→ Records contained in a dataset
+-------+

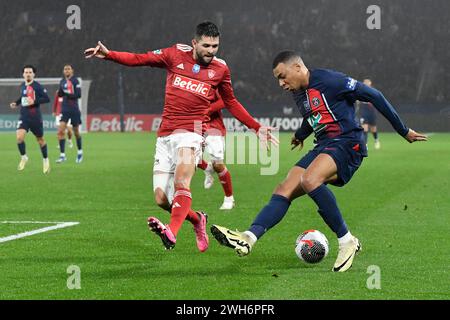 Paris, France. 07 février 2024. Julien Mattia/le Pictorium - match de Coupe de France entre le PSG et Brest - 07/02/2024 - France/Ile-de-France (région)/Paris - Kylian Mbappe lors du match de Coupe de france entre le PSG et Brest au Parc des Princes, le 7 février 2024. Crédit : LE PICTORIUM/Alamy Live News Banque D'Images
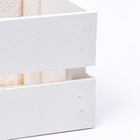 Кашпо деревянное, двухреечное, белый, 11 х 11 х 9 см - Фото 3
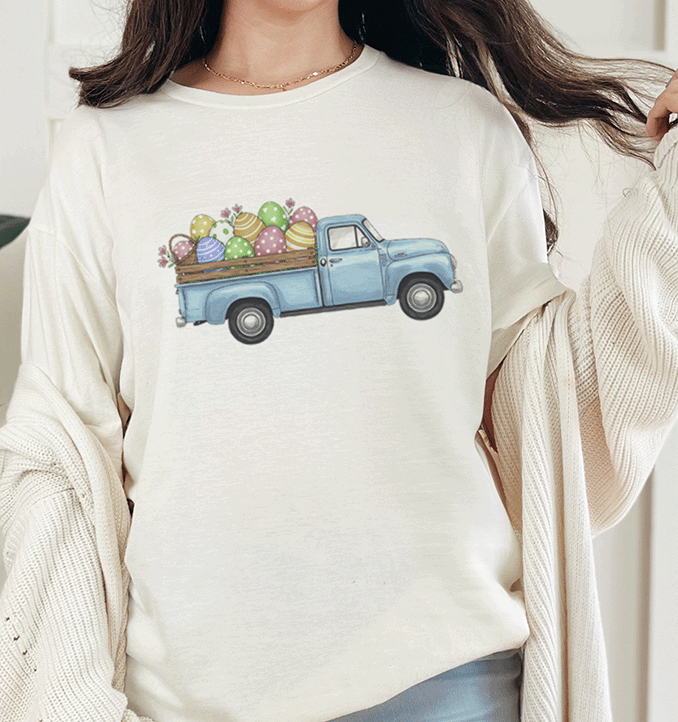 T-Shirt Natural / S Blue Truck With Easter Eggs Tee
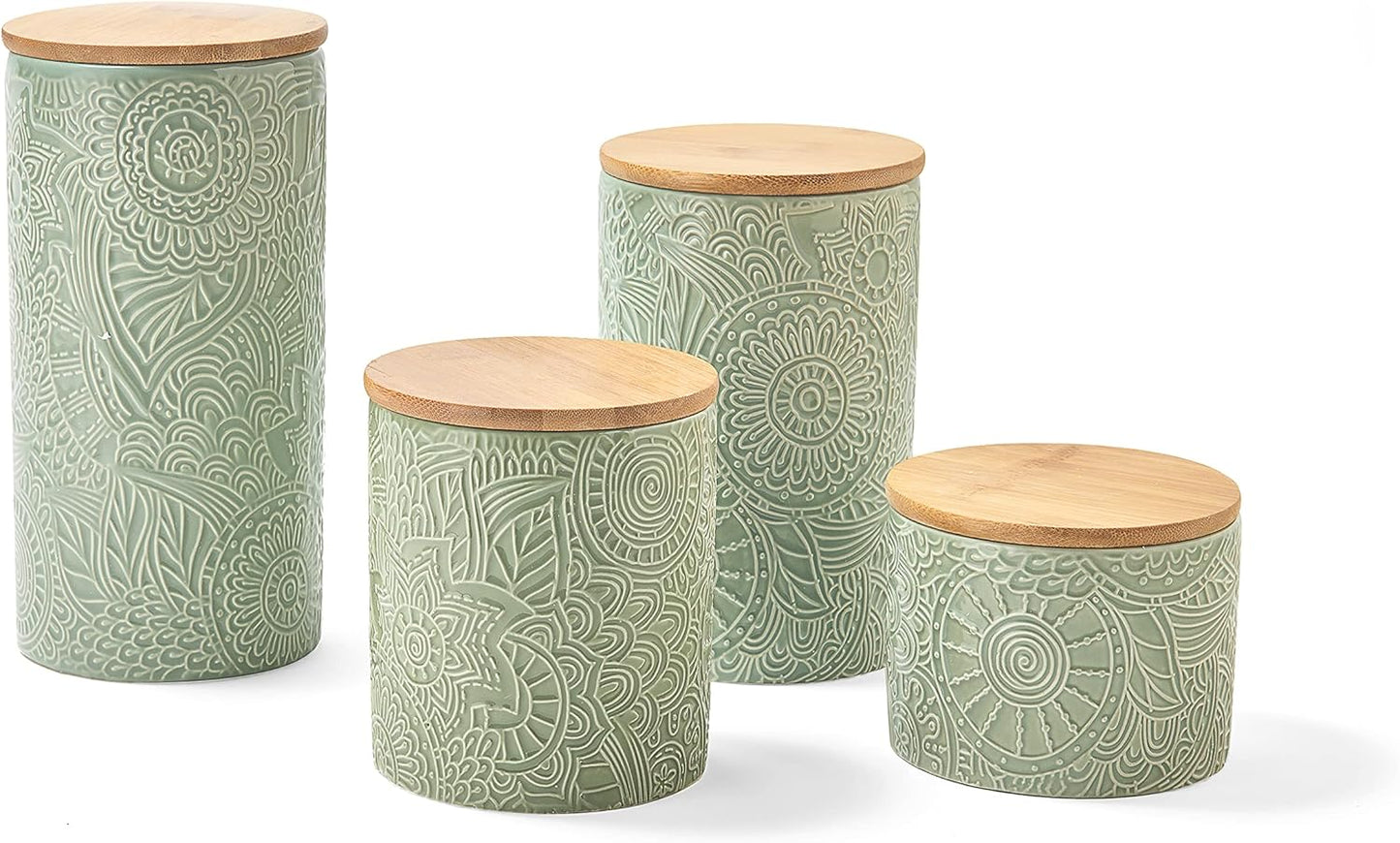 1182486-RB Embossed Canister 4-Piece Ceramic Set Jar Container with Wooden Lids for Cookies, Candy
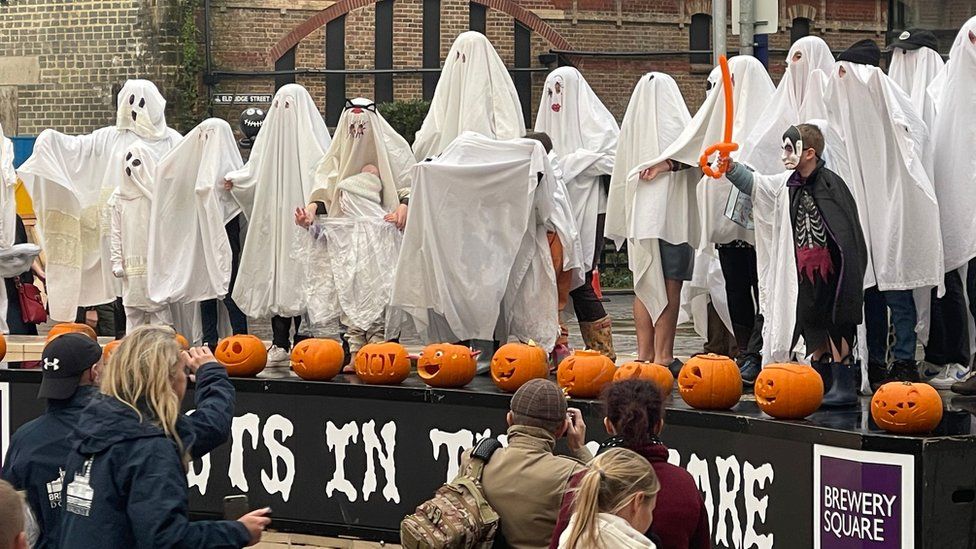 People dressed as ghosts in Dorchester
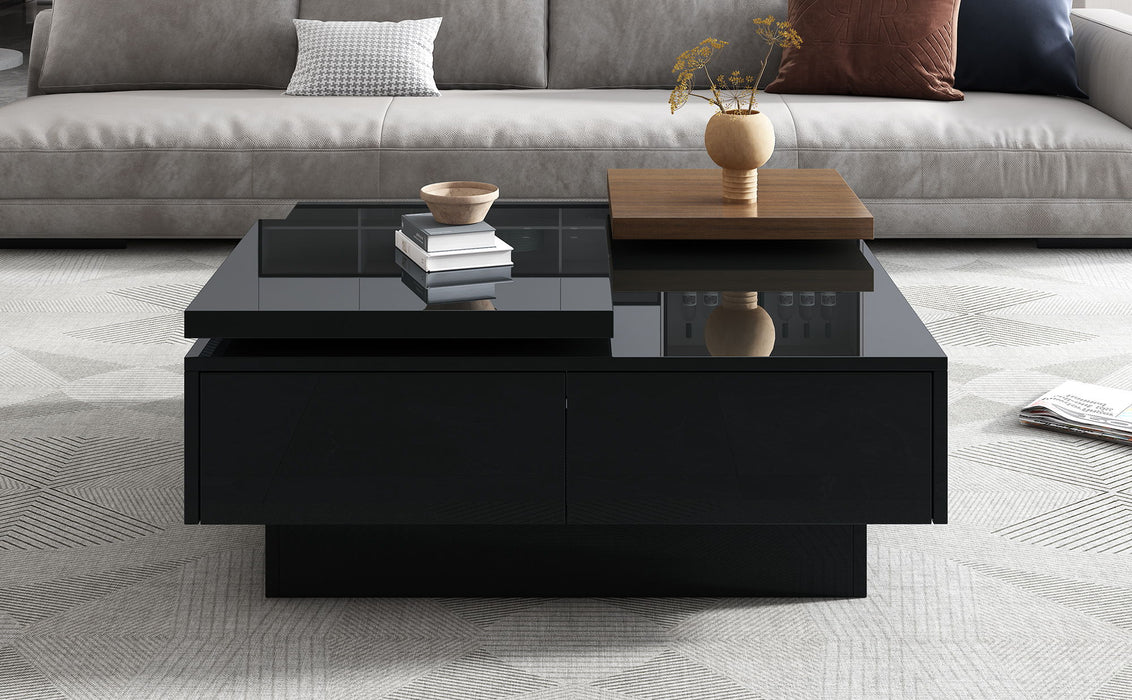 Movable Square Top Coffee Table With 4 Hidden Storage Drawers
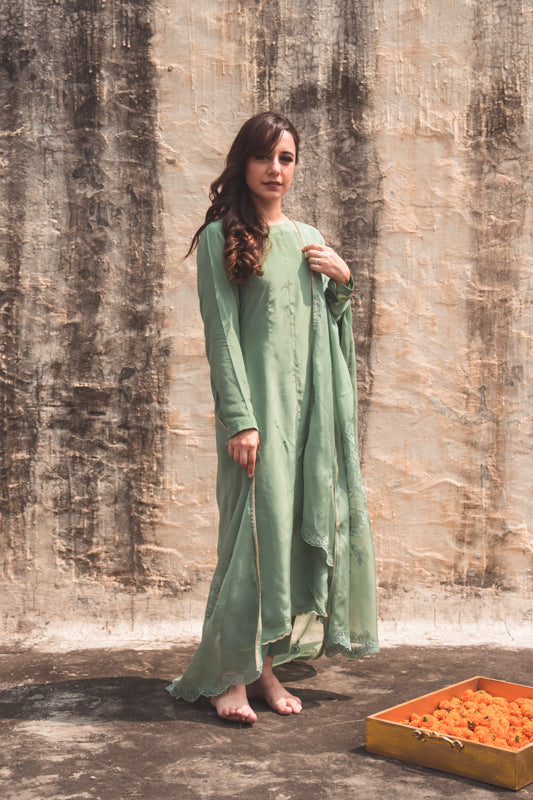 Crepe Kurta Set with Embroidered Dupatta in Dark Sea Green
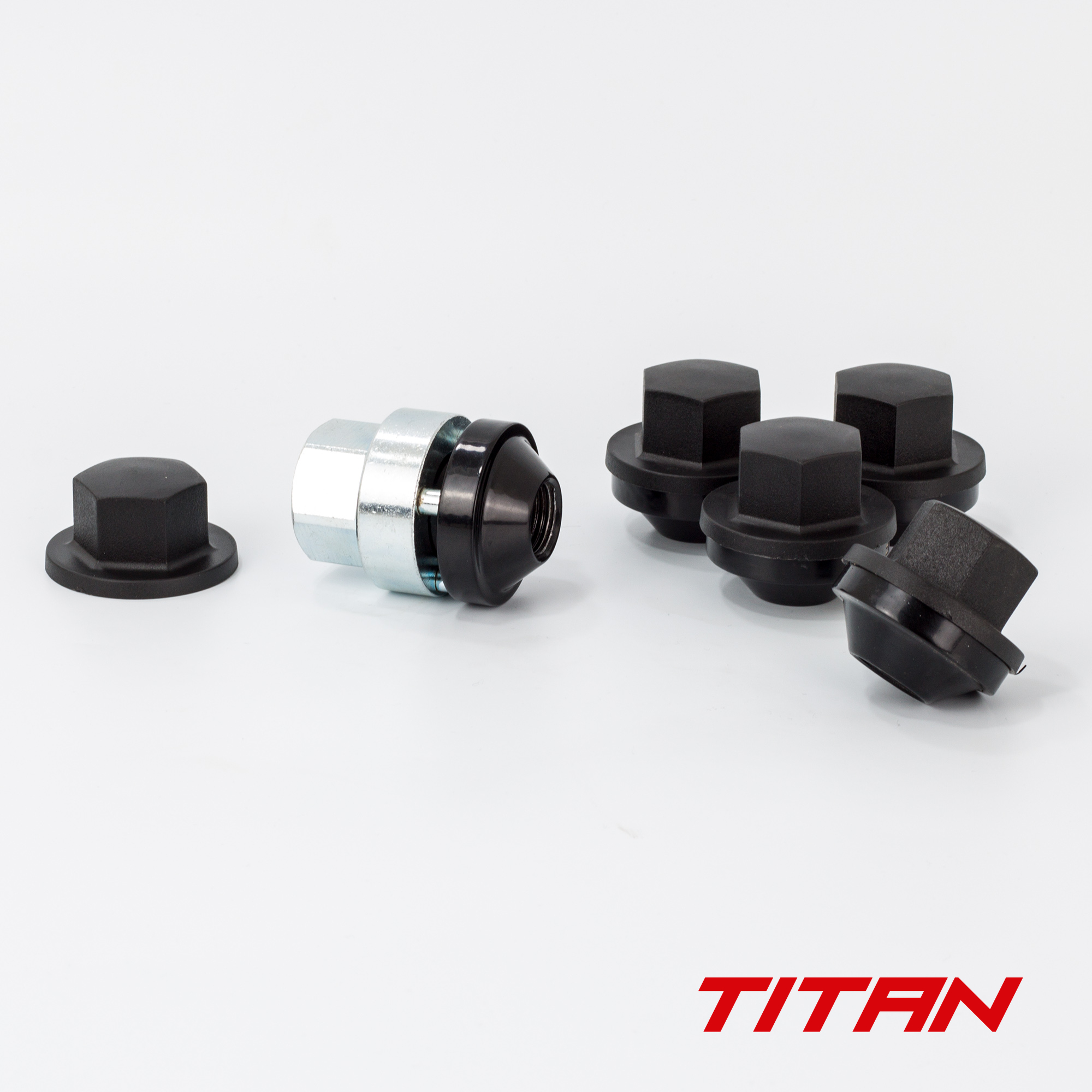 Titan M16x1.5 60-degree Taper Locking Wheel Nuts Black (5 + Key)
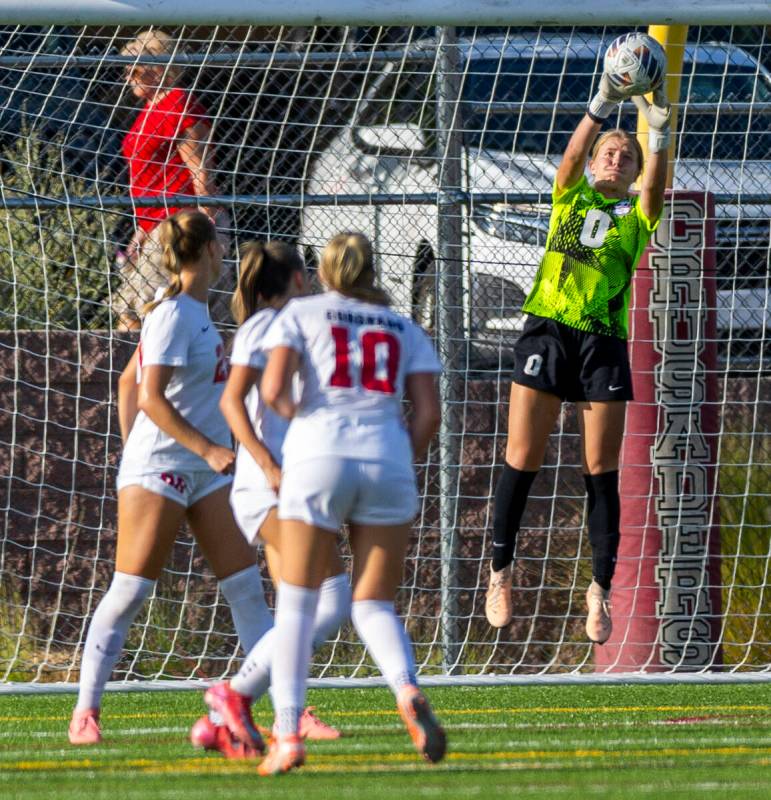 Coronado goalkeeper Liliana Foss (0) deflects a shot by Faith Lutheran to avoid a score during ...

+-------+

→ BRIEF
The records above should be reproduced exactly, with the pictures omitted.

→ EXERCISE RESPONSE
 Paris, France. 07 février 2024. Julien Mattia/le Pictorium - match de Coupe de France entre le PSG et Brest - 07/02/2024 - France/Ile-de-France (région)/Paris - Kylian Mbappe lors du match de Coupe de france entre le PSG et Brest au Parc des Princes, le 7 février 2024. Crédit : LE PICTORIUM/Alamy Live News Banque D'Images
 Кашпо деревянное, двухреечное, белый, 11 х 11 х 9 см - Фото 3
 T-Shirt Natural / S Blue Truck With Easter Eggs Tee
 1182486-RB Embossed Canister 4-Piece Ceramic Set Jar Container with Wooden Lids for Cookies, Candy
 People dressed as ghosts in Dorchester
 Movable Square Top Coffee Table With 4 Hidden Storage Drawers
 Crepe Kurta Set with Embroidered Dupatta in Dark Sea Green
 Titan M16x1.5 60-degree Taper Locking Wheel Nuts Black (5 + Key)
 Coronado goalkeeper Liliana Foss (0) deflects a shot by Faith Lutheran to avoid a score during ...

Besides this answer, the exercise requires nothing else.